Sufism believed in communion between man and God through loving devotion. It is somewhat akin to Bhakti cult. Sufism had its own practices and did not always conform to the rituals of orthodox Islam. For instance singing, dancing etc. not permitted by the Muslim ulamas were considered by the Sufis as methods of reaching an ecstatic stage which would bring them nearer to God. Although the Sufis accepted Muhammad as prophet and the authority of the Quran in course of time they drew diverse religious practices from different religions. Sufism had been likened to a stream that gathered volume by joining of tributaries from many lands.
Sufism found its way into India during the eleventh and twelfth centuries when many Sufi saints came to India particularly in Multan and Lahore of the Punjab. The most celebrated of these Sufi saints was Khwaja Muinuddin Chisti who came to Lahore from Ghazni in 1161 and settled in Ajmer under Prithviraj. Muinuddin Chisti is the greatest Sufi and holds the highest position of honor in the history of Sufism. He died in either 1235 or 1236 at Ajmer where his tomb is still today a place of pilgrimage for many.
Muinuddin Chisti founded the Chisti order of the Sufis in India. Shaikh Farid Shakarganj (1175-1265) belonged to the Chisti order of the Sufis, Shaikh Farid was one of the earliest contributors to Punjabi language and his writings are regarded as the earliest specimens of Punjabi. Some of his contributions were incorporated in the Adi Granth by Guru Arjan and Shaikh Farid is known in Sikh tradition as Baba Farid. Shaikh Nizamuddin Auliya (1238-1325) settled near Delhi where his tomb is also a shrine and centre of devotion and proselytism.
Apart from the Chisti order another Sufi order that dominated the Muslim thought during the thirteenth and early years of the fourteenth centuries was Suhrawardy order founded by Sheikh Bahauddin Zakariya.
Besides the Chisti and Suhrawardy orders two more Sufi orders were founded by Sayyid Ghaus Wala Pir and Shaikh Abdul Shattari in the fifteenth century. In the sixteenth century Khwaja Baqi Billah founded the Naqshbandi order.
During the sixteenth and earlier part of the eighteenth the Sufi poets made great contribution to Punjabi literature. Sufi poetry appealed to the heart of the common people and became very popular among all classes of people of the Punjab. Spiritual urges are expressed in terms of simple objects familiar to common folk, such as the spinning wheel, the Persian wheel, the dancing dervishes, characters drawn from popular mythology Hindu as well as Muslim.

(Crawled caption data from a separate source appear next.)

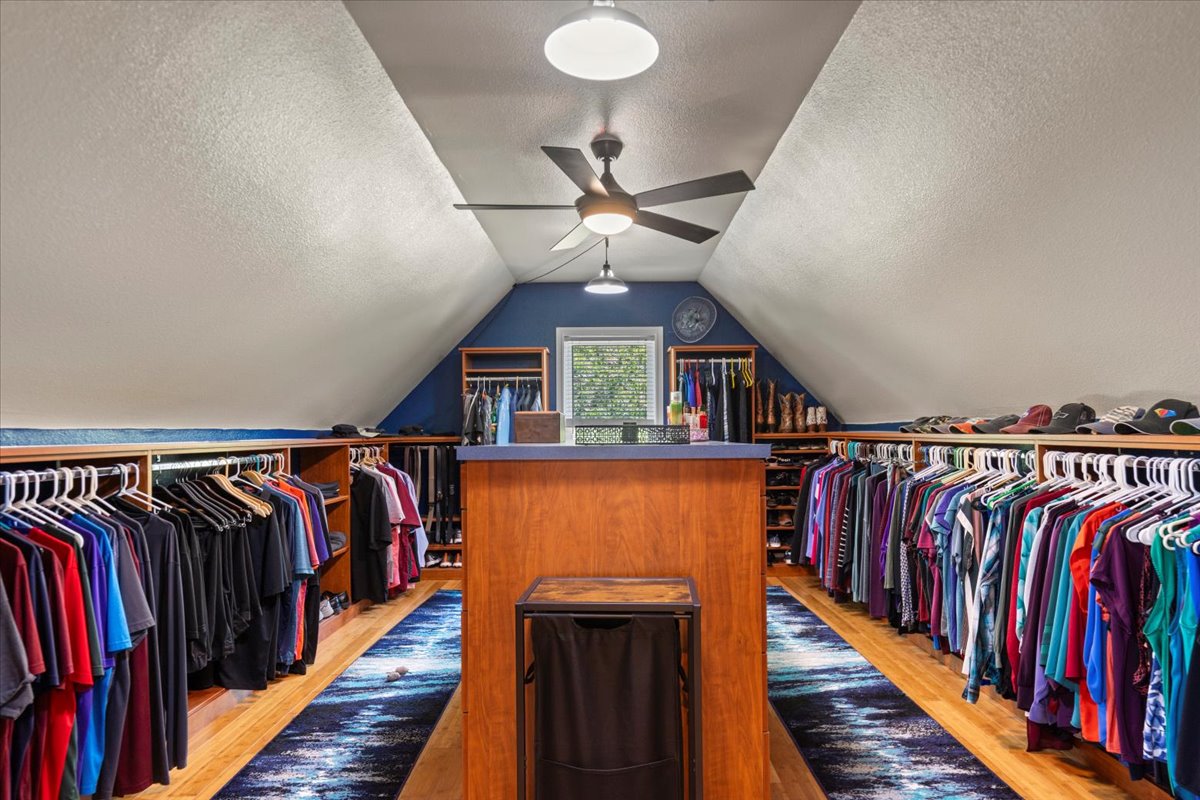 550 League Line Road Smithville, TX 78957 - Photo 26 of 40 a view of walk in closet with clothes and shoes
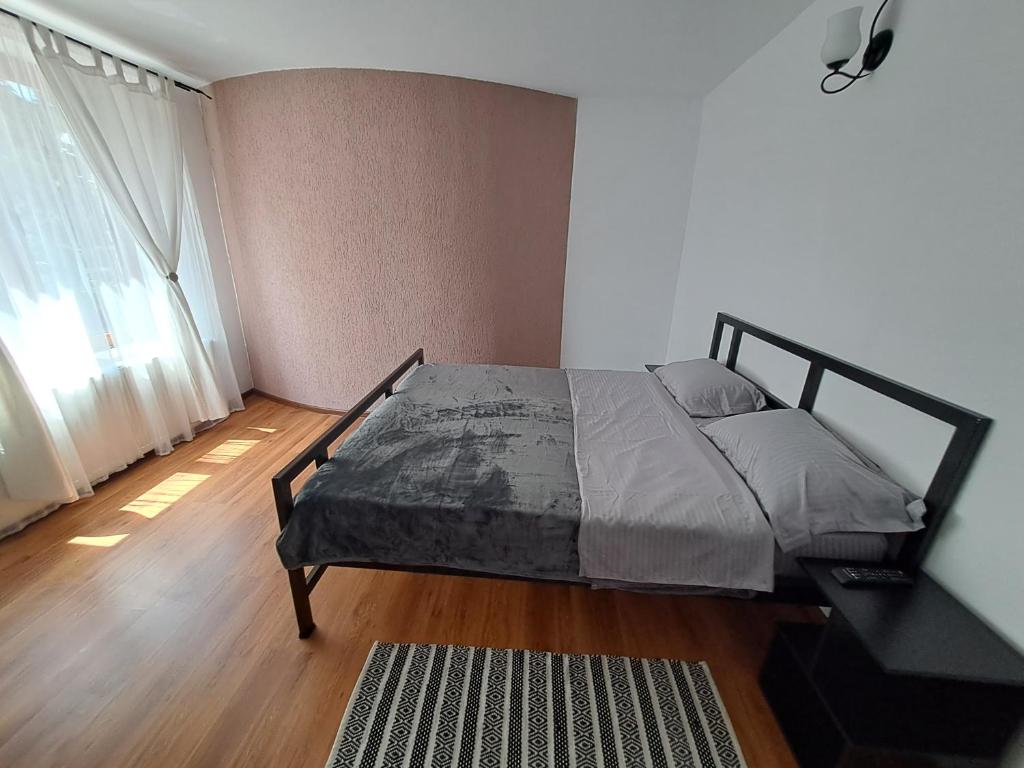 Postel nebo postele na pokoji v ubytování Pensiunea Theo Enelid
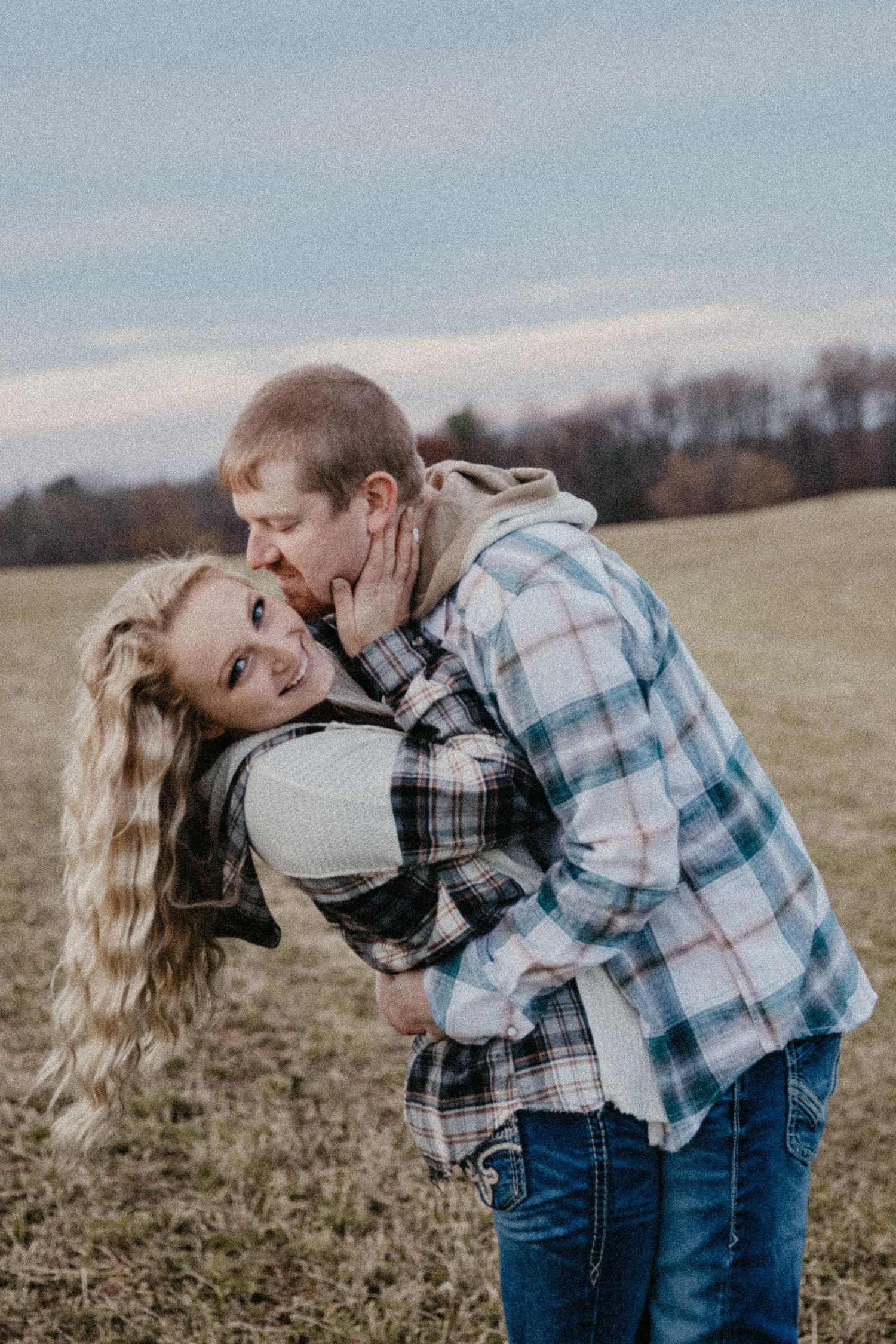 A couple shares a romantic moment in a field, man kissing woman's cheek as she smiles, both in flannel and casual wear.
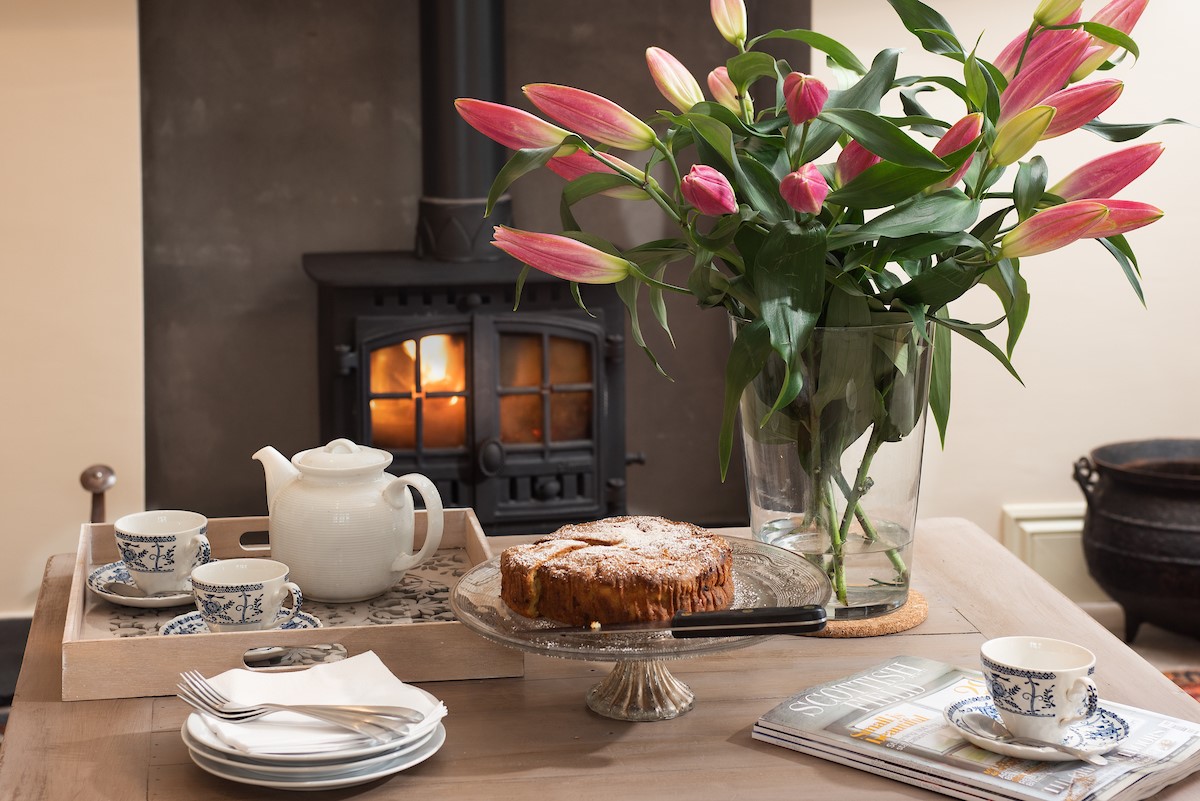 Goose Cottage - tea and cake in front of the cosy wood burner
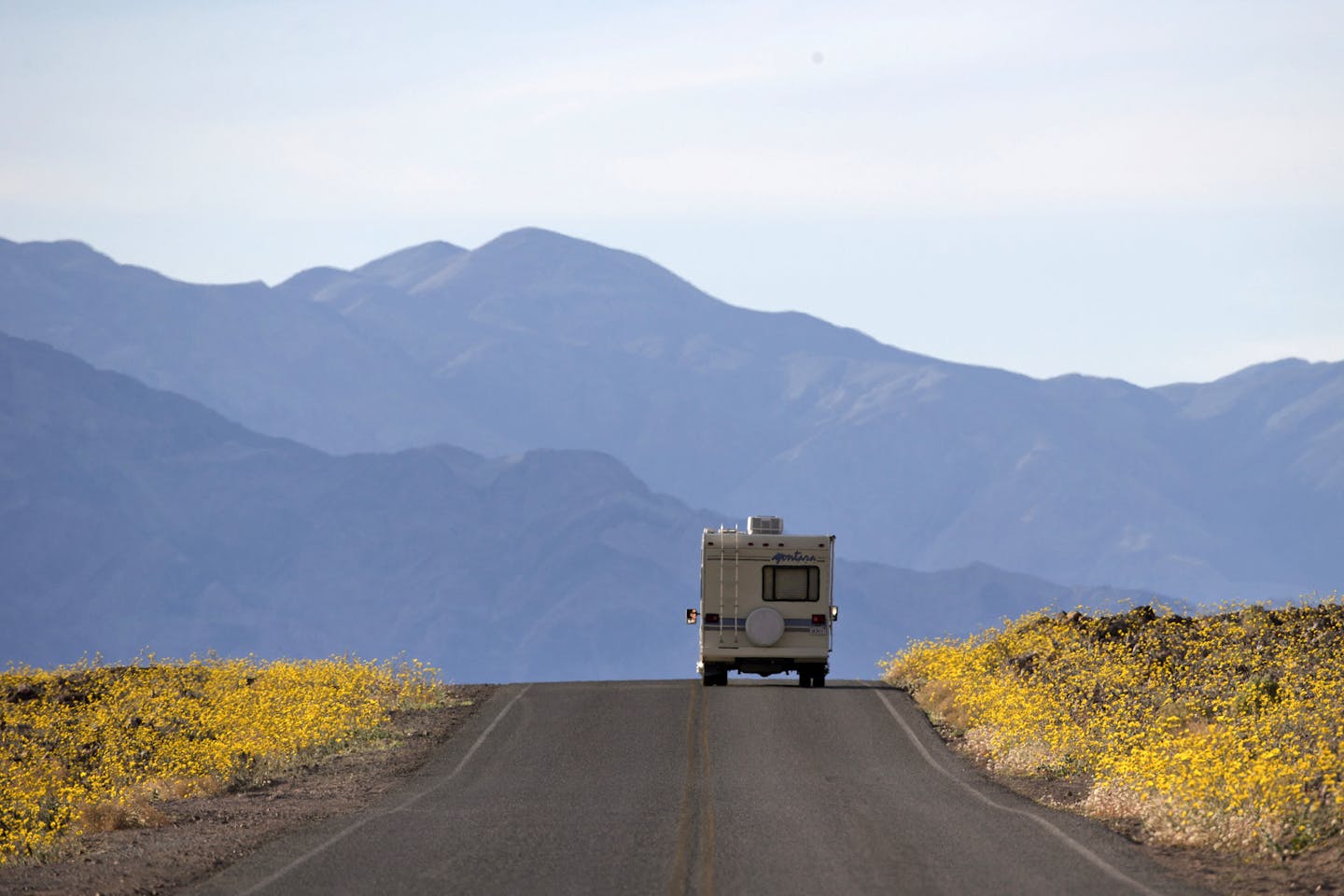 FILE - In this Feb. 24, 2016, file photo, wildflowers bloom as an RV travels along the road near Badwater Basin in Death Valley, Calif. Heading out on a road trip in a recreational vehicle allows travelers a unique opportunity to explore the nation while enjoying some comforts, too. (AP Photo/Jae C. Hong, File)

Among the Sufis of this period the names of Sultan Bahu, Hafiz Barkhurdar Wajid, Ali Haidar, Shah Hussain and Bulleh Shah deserve mention. Sultan Bahu was a mystic dervish. He expressed himself in passionate poetry of devotion and renunciation. Shah Hussain was a fakir given to free way of life, loved by the people for his sincerity of passion and devotion, but reproved by the orthodox Muslims. The song-lyrics practiced by Hussain and other Sufi poets is known as Kafi. Bulheh Shah was, however, the prince of the Sufi poets.
Some sects were founded in the seventeenth century which emphasized the unity of religions between the Hindus and the Muslims.
Under Shah Jahan, the renowned Sufi and author Shaikh Muhibbullah Allahabadi wrote a commentary on Quarn from sufistic view point.
Lastly, it may be pointed out that Sufism helped the spread of Islam in India by emphasizing social equality of all men. Many of the Sufis were men of great learning; they were guides to good life. They are “thought of as forming a bridge of understanding with the Hindu Bhakti movement, with their emphasis on the inner life and the unity of all believers in one God”.